▶ Problem:
Word for word, return the lines below from the first through the line that has "KM8K33AG7NU139082 Hyundai Kona", dropping the pictures.

*** Opening of The input ***

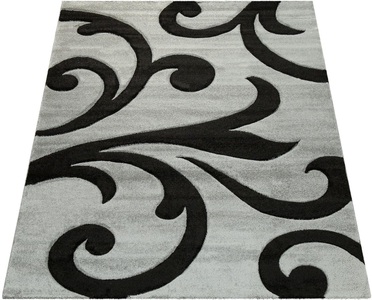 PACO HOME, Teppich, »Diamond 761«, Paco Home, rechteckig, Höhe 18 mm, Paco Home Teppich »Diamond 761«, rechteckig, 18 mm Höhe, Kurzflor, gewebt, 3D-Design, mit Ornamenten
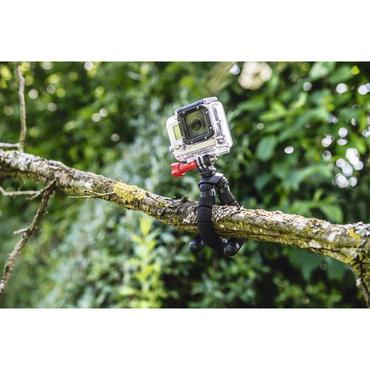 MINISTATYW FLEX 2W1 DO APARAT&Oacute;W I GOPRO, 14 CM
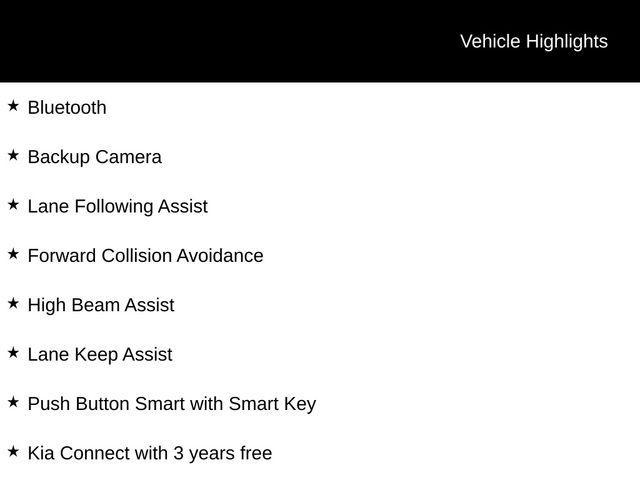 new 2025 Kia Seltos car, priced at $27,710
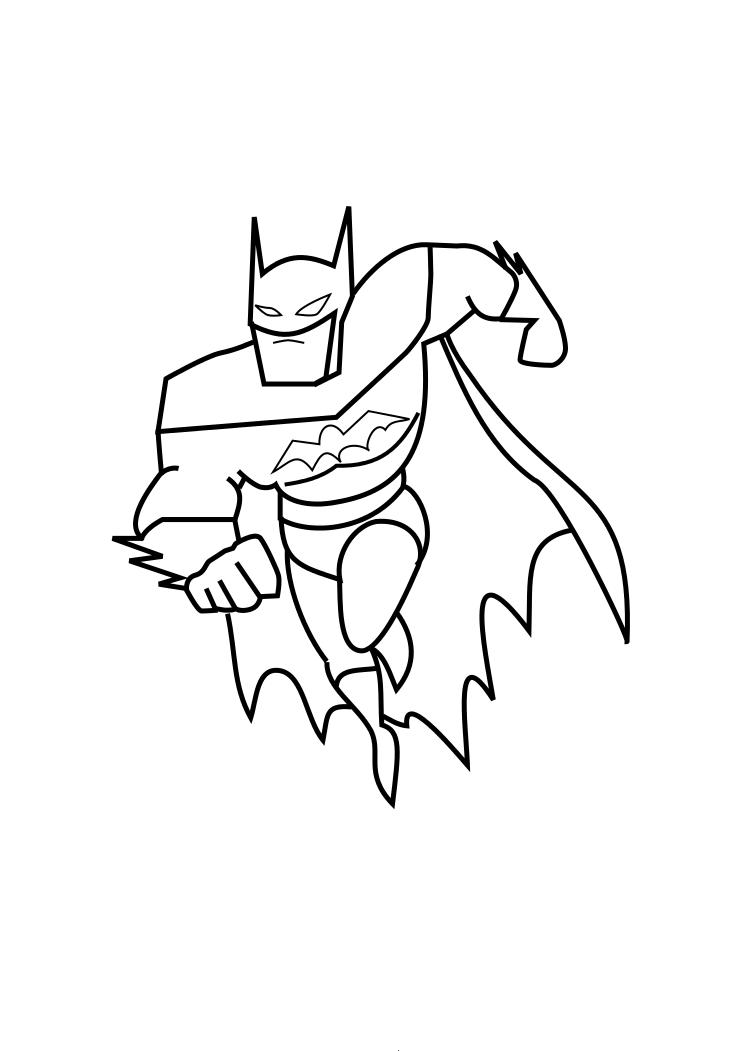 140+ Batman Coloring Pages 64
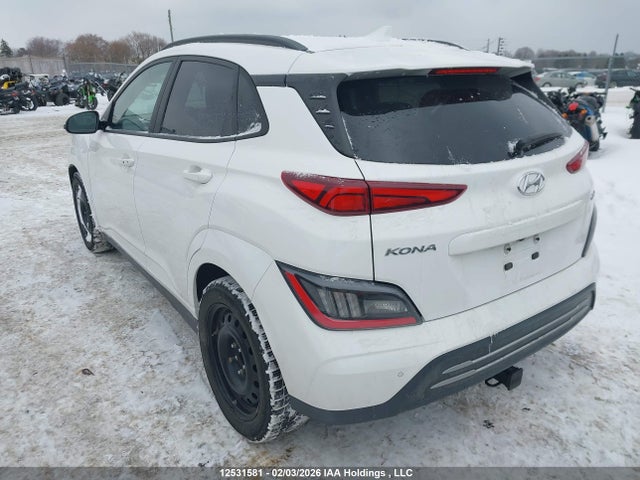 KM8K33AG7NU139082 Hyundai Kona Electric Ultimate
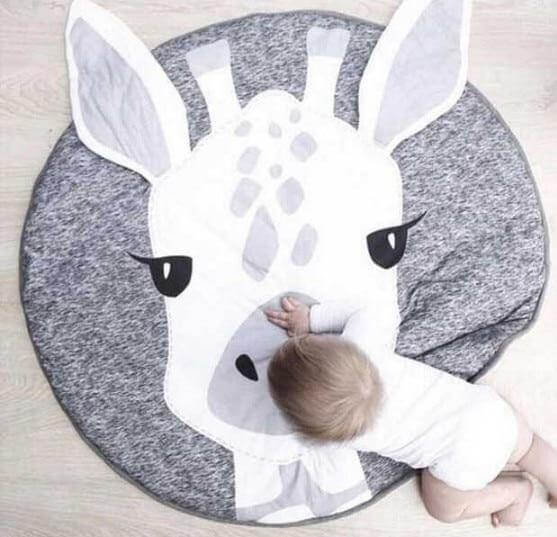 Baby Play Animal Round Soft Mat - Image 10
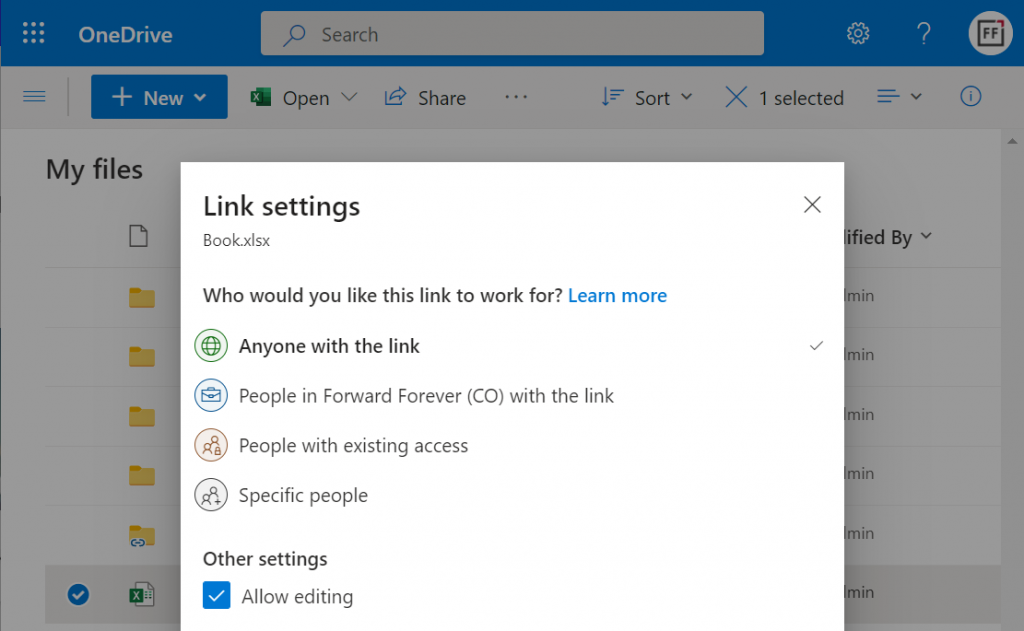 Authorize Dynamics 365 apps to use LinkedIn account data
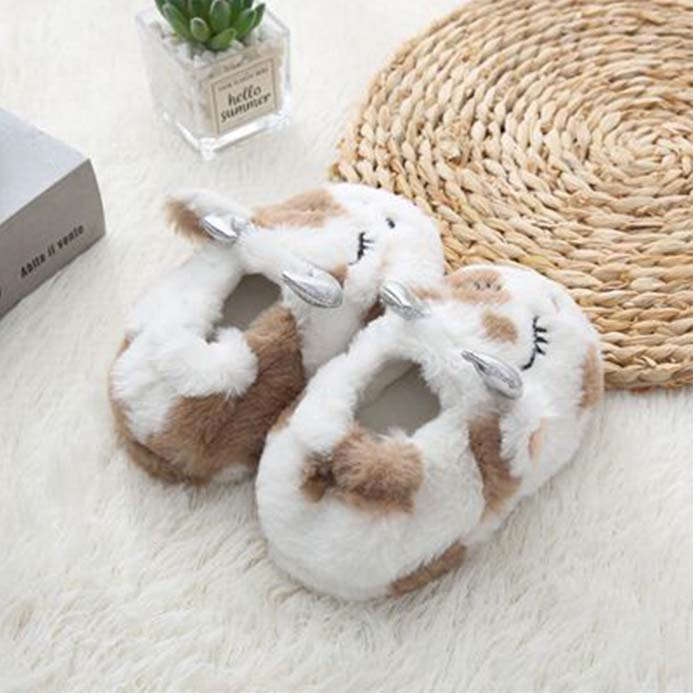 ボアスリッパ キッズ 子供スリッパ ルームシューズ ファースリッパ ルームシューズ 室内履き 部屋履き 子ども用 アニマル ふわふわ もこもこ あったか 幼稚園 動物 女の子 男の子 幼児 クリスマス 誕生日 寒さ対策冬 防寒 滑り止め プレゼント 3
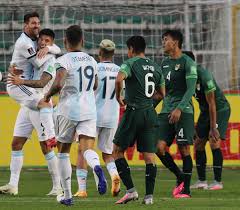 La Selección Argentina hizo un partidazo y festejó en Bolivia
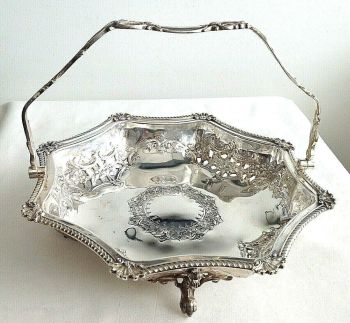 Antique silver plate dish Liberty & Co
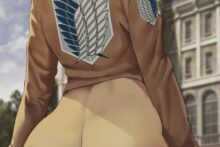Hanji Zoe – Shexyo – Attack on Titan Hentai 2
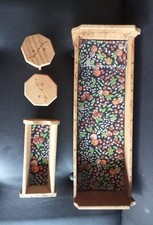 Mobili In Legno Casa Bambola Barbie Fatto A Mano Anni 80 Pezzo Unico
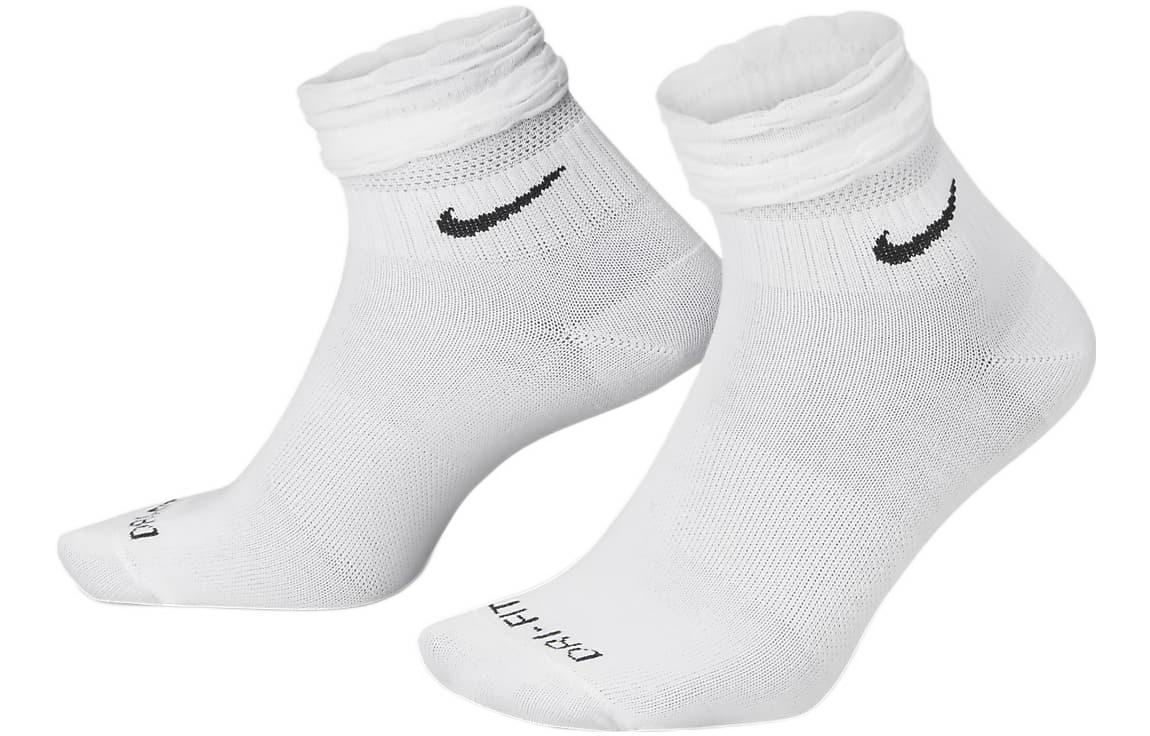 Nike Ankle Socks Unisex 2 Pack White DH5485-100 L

*** Close of The input ***

▶ Answer below:
 PACO HOME, Teppich, »Diamond 761«, Paco Home, rechteckig, Höhe 18 mm, Paco Home Teppich »Diamond 761«, rechteckig, 18 mm Höhe, Kurzflor, gewebt, 3D-Design, mit Ornamenten
 MINISTATYW FLEX 2W1 DO APARAT&Oacute;W I GOPRO, 14 CM
 new 2025 Kia Seltos car, priced at $27,710
 140+ Batman Coloring Pages 64
 KM8K33AG7NU139082 Hyundai Kona Electric Ultimate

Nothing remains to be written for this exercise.